On July 24, 2006 we began hosting the bulletin board on our own new dedicated server. There is nothing but TUG on this server, so we won't get bogged down by other websites sharing the same server, as we had with our previous shared host.

Accordingly, we've re-enabled the options that we had previously disabled to conserve server load:
avatars in posts
list of who's online at bottom of home page
list of logged in users viewing a forum at bottom of forum homepage
showing an arrow on the icon for threads you've posted in
colored icons for "hot threads" (>25 posts and/or >500 views)

Anticipated problems:
If you are currently accessing the board via the temporary URL that utilizes 69.16.236.4 instead of tugbbs.com, hyperlinks in the bbs intended to take you to other messages or other parts of the bbs will take you to the deactivated board on the old server if the URL in those links refers to tugbbs.com.   This will automatically cure itself when the tugbbs.com domain relocation reaches your internet provider's system and you start accessing the board via the normal tugbbs.com address. If you're still coming in via the temporary link to 69.16.236.4, and want to force your computer to go to the correct server see this thread:
Link for those using temporary link to 69.16.236.4
Link for those coming in via [noparse]www.tugbbs.com[/noparse]​ 

Your automatic login and/or indicators of new posts may give you some problems at first.  If so, it is because your system is confusing information in cookies from THIS server with information in cookies from our PREVIOUS server.  [Note: This same problem may occur if you intially came to the new server via the 69.16.236.4 address and are now coming in via the tugbbs.com address.]  Try this to get things working correctly:
After logging in manually, try logging off the board to delete the cookie. You'll find the Log Out link at the right end of the blue bar near the top of the page. Then log back in manually with 'Remember Me' checked.
If the above step doesn't get things working, you may need to delete your cookies manually and start over. See this FAQ article for help with this:
 Link for those using temporary link to 69.16.236.4
Link for those coming in via [noparse]www.tugbbs.com[/noparse]


----------



## PerryM (Jul 24, 2006)

*Avatar problems*

Trying to upload an avatar - tried 20+ times.

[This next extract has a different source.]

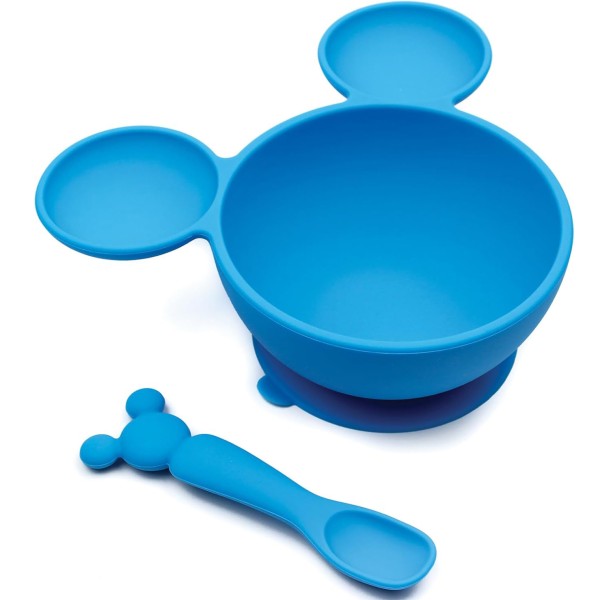 Zweite Chance (ohne Originalverpackung) - Erstes Fütterungsset aus Silikon - Disney Micky Maus - Blau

Avatar is equal to or less than 80 X 80

Size is less than 19k

Get the same error: Unable to save avatar

How are you guys doing it?

Thanks


----------



## Makai Guy (Jul 24, 2006)

*Re: Avatar problems*



			
				PerryM said:
			
		

> Get the same error: Unable to save avatar
> 
> How are you guys doing it?
> 
> Thanks



Perry - the avatars you are seeing now were avatars that were copied over from the old server.  Never thought to try uploading one here.  Let me look into it.

[Edit - I have the same problem.  Hang on, I'm sure I'll be able to get this tracked down soon]


----------



## michaelsmalley (Jul 24, 2006)

I cannot get to my private messages.  Is that just a temporary problem today and will it go away when things are up and running.  Thanks.

Mike S.


----------



## Makai Guy (Jul 24, 2006)

michaelsmalley said:
			
		

> I cannot get to my private messages.  Is that just a temporary problem today and will it go away when things are up and running.  Thanks.



I'm getting to mine without problems, and can do the same in a test user account with no special privileges.

How are you trying to get to your private messages?  Until the name server on your ISP gets updated with the new location of tugbbs.com, *links in email notifications* will send you to tugbbs.com, but your ISP will send you to the old, deactivated board because it does not have the new tugbbs.com address yet.  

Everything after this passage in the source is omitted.